Your task -> Copy the data that follows, character for character, minus the pictures.

(Beginning of Information provided)

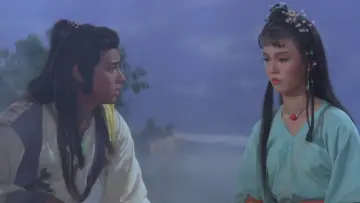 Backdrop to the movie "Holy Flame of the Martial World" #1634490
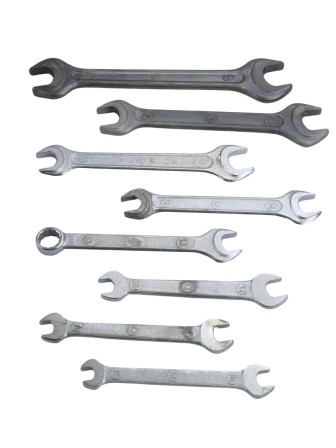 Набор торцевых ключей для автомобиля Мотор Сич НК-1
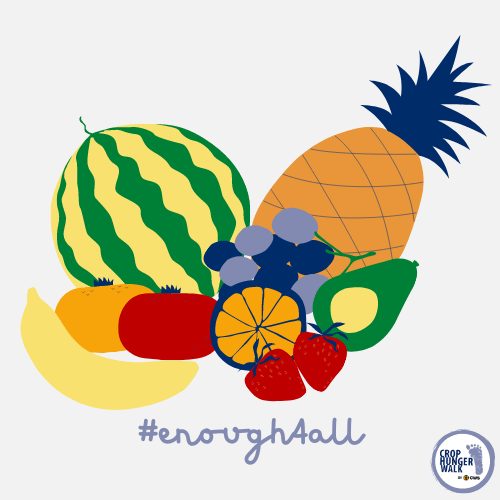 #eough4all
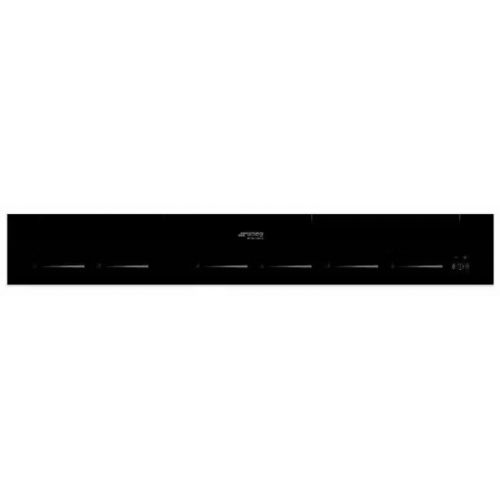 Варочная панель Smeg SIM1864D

(End of Information provided)

Task result ->
 Backdrop to the movie "Holy Flame of the Martial World" #1634490
 Набор торцевых ключей для автомобиля Мотор Сич НК-1
 #eough4all
 Варочная панель Smeg SIM1864D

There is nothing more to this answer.